You are viewing a plain text version of this content. The canonical link for it is here.
Posted to common-issues@hadoop.apache.org by "Todd Lipcon (Updated) (JIRA)" <ji...@apache.org> on 2012/03/30 07:44:42 UTC

[jira] [Updated] (HADOOP-8217) Edge case split-brain race in ZK-based auto-failover

     [ https://issues.apache.org/jira/browse/HADOOP-8217?page=com.atlassian.jira.plugin.system.issuetabpanels:all-tabpanel ]

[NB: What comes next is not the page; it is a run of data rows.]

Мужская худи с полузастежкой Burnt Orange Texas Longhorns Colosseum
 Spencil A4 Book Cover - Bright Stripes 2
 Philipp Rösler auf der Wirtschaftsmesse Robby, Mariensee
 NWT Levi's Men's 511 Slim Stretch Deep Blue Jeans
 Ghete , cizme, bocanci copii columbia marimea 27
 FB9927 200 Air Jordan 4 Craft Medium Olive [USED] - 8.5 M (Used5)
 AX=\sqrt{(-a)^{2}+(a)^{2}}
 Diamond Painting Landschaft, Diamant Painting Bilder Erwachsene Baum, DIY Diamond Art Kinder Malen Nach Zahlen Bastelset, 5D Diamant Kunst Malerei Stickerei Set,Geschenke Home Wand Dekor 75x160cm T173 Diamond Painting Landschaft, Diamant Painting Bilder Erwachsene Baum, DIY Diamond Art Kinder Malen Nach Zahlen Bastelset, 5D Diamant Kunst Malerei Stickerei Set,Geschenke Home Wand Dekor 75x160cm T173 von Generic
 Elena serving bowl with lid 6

Todd Lipcon updated HADOOP-8217:
--------------------------------

    Attachment: hadoop-8217-testcase.txt

Here's a test case which produces the issue as described. This builds on top of the test infrastructure introduced in HADOOP-8228. I also introduced a simple fault injector class to make it possible to deterministically introduce this issue (this is similar to the fault injection technique we use in HDFS for checkpointing).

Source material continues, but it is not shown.